#### [Problem details]
Word for word, restate the records that come after this.

#### [Data to examine]
+===+
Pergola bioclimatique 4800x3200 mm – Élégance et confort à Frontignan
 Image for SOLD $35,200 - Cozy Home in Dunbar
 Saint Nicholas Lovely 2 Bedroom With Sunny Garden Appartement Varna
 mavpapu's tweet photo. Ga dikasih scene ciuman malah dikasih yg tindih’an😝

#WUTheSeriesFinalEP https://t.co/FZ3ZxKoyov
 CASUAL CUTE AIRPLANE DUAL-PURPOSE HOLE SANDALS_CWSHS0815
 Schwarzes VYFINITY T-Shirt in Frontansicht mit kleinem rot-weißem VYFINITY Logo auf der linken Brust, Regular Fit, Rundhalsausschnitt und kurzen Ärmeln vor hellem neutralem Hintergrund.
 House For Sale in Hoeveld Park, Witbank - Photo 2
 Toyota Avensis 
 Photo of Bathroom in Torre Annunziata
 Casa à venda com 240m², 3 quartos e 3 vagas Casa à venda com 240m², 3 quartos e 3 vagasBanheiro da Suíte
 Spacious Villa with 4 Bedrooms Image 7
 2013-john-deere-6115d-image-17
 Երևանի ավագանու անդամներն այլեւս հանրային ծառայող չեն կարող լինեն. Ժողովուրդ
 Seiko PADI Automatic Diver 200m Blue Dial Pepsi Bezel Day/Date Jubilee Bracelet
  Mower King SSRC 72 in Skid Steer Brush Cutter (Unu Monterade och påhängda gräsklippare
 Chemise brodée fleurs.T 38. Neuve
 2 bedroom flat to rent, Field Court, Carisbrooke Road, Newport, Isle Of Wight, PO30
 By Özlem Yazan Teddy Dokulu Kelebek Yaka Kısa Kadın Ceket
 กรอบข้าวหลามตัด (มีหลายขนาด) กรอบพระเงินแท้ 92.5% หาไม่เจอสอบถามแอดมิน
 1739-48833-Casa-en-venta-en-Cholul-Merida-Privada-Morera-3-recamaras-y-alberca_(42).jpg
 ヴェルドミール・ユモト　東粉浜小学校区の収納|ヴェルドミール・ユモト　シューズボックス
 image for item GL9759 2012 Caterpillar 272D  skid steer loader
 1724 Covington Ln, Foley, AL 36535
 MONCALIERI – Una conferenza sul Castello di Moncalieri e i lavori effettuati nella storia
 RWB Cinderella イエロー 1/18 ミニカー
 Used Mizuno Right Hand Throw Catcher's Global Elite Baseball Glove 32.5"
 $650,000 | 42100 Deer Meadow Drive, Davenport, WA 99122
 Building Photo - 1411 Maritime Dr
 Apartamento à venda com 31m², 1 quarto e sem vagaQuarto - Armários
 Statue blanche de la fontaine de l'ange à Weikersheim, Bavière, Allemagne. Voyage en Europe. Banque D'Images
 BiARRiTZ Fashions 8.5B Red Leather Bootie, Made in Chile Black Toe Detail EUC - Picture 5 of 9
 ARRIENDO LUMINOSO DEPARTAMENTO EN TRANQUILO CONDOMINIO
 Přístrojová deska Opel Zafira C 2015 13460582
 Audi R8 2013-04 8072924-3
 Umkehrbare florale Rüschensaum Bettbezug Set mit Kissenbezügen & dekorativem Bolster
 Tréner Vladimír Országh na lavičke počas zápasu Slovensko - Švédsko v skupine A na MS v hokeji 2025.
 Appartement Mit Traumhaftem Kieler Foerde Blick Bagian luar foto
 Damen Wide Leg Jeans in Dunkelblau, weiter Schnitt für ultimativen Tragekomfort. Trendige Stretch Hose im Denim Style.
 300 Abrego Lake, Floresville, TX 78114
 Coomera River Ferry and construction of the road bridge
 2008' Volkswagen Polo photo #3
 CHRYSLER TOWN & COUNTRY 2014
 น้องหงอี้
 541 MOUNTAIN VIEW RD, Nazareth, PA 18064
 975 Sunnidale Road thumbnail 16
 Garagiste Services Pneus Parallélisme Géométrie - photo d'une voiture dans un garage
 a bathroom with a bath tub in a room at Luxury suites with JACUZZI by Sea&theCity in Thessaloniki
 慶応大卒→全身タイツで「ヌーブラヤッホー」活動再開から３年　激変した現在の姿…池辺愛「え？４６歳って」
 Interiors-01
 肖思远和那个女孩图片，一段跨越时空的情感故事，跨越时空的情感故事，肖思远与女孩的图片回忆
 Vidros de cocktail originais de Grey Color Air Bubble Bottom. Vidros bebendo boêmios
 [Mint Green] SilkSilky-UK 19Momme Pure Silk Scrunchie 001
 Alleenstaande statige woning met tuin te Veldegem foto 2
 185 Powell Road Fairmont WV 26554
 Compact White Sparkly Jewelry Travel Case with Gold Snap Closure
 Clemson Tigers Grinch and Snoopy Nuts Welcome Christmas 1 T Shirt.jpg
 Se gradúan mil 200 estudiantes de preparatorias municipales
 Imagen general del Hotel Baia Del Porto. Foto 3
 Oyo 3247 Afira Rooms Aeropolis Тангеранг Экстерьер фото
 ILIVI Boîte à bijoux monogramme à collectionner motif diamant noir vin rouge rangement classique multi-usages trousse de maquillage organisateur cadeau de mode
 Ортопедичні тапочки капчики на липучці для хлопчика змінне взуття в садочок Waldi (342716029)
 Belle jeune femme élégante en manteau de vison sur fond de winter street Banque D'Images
+===+
#### [Answer section]
Pergola bioclimatique 4800x3200 mm – Élégance et confort à Frontignan
 Image for SOLD $35,200 - Cozy Home in Dunbar
 Saint Nicholas Lovely 2 Bedroom With Sunny Garden Appartement Varna
 mavpapu's tweet photo. Ga dikasih scene ciuman malah dikasih yg tindih’an😝

#WUTheSeriesFinalEP https://t.co/FZ3ZxKoyov
 CASUAL CUTE AIRPLANE DUAL-PURPOSE HOLE SANDALS_CWSHS0815
 Schwarzes VYFINITY T-Shirt in Frontansicht mit kleinem rot-weißem VYFINITY Logo auf der linken Brust, Regular Fit, Rundhalsausschnitt und kurzen Ärmeln vor hellem neutralem Hintergrund.
 House For Sale in Hoeveld Park, Witbank - Photo 2
 Toyota Avensis 
 Photo of Bathroom in Torre Annunziata
 Casa à venda com 240m², 3 quartos e 3 vagas Casa à venda com 240m², 3 quartos e 3 vagasBanheiro da Suíte
 Spacious Villa with 4 Bedrooms Image 7
 2013-john-deere-6115d-image-17
 Երևանի ավագանու անդամներն այլեւս հանրային ծառայող չեն կարող լինեն. Ժողովուրդ
 Seiko PADI Automatic Diver 200m Blue Dial Pepsi Bezel Day/Date Jubilee Bracelet
  Mower King SSRC 72 in Skid Steer Brush Cutter (Unu Monterade och påhängda gräsklippare
 Chemise brodée fleurs.T 38. Neuve
 2 bedroom flat to rent, Field Court, Carisbrooke Road, Newport, Isle Of Wight, PO30
 By Özlem Yazan Teddy Dokulu Kelebek Yaka Kısa Kadın Ceket
 กรอบข้าวหลามตัด (มีหลายขนาด) กรอบพระเงินแท้ 92.5% หาไม่เจอสอบถามแอดมิน
 1739-48833-Casa-en-venta-en-Cholul-Merida-Privada-Morera-3-recamaras-y-alberca_(42).jpg
 ヴェルドミール・ユモト　東粉浜小学校区の収納|ヴェルドミール・ユモト　シューズボックス
 image for item GL9759 2012 Caterpillar 272D  skid steer loader
 1724 Covington Ln, Foley, AL 36535
 MONCALIERI – Una conferenza sul Castello di Moncalieri e i lavori effettuati nella storia
 RWB Cinderella イエロー 1/18 ミニカー
 Used Mizuno Right Hand Throw Catcher's Global Elite Baseball Glove 32.5"
 $650,000 | 42100 Deer Meadow Drive, Davenport, WA 99122
 Building Photo - 1411 Maritime Dr
 Apartamento à venda com 31m², 1 quarto e sem vagaQuarto - Armários
 Statue blanche de la fontaine de l'ange à Weikersheim, Bavière, Allemagne. Voyage en Europe. Banque D'Images
 BiARRiTZ Fashions 8.5B Red Leather Bootie, Made in Chile Black Toe Detail EUC - Picture 5 of 9
 ARRIENDO LUMINOSO DEPARTAMENTO EN TRANQUILO CONDOMINIO
 Přístrojová deska Opel Zafira C 2015 13460582
 Audi R8 2013-04 8072924-3
 Umkehrbare florale Rüschensaum Bettbezug Set mit Kissenbezügen & dekorativem Bolster
 Tréner Vladimír Országh na lavičke počas zápasu Slovensko - Švédsko v skupine A na MS v hokeji 2025.
 Appartement Mit Traumhaftem Kieler Foerde Blick Bagian luar foto
 Damen Wide Leg Jeans in Dunkelblau, weiter Schnitt für ultimativen Tragekomfort. Trendige Stretch Hose im Denim Style.
 300 Abrego Lake, Floresville, TX 78114
 Coomera River Ferry and construction of the road bridge
 2008' Volkswagen Polo photo #3
 CHRYSLER TOWN & COUNTRY 2014
 น้องหงอี้
 541 MOUNTAIN VIEW RD, Nazareth, PA 18064
 975 Sunnidale Road thumbnail 16
 Garagiste Services Pneus Parallélisme Géométrie - photo d'une voiture dans un garage
 a bathroom with a bath tub in a room at Luxury suites with JACUZZI by Sea&theCity in Thessaloniki
 慶応大卒→全身タイツで「ヌーブラヤッホー」活動再開から３年　激変した現在の姿…池辺愛「え？４６歳って」
 Interiors-01
 肖思远和那个女孩图片，一段跨越时空的情感故事，跨越时空的情感故事，肖思远与女孩的图片回忆
 Vidros de cocktail originais de Grey Color Air Bubble Bottom. Vidros bebendo boêmios
 [Mint Green] SilkSilky-UK 19Momme Pure Silk Scrunchie 001
 Alleenstaande statige woning met tuin te Veldegem foto 2
 185 Powell Road Fairmont WV 26554
 Compact White Sparkly Jewelry Travel Case with Gold Snap Closure
 Clemson Tigers Grinch and Snoopy Nuts Welcome Christmas 1 T Shirt.jpg
 Se gradúan mil 200 estudiantes de preparatorias municipales
 Imagen general del Hotel Baia Del Porto. Foto 3
 Oyo 3247 Afira Rooms Aeropolis Тангеранг Экстерьер фото
 ILIVI Boîte à bijoux monogramme à collectionner motif diamant noir vin rouge rangement classique multi-usages trousse de maquillage organisateur cadeau de mode
 Ортопедичні тапочки капчики на липучці для хлопчика змінне взуття в садочок Waldi (342716029)
 Belle jeune femme élégante en manteau de vison sur fond de winter street Banque D'Images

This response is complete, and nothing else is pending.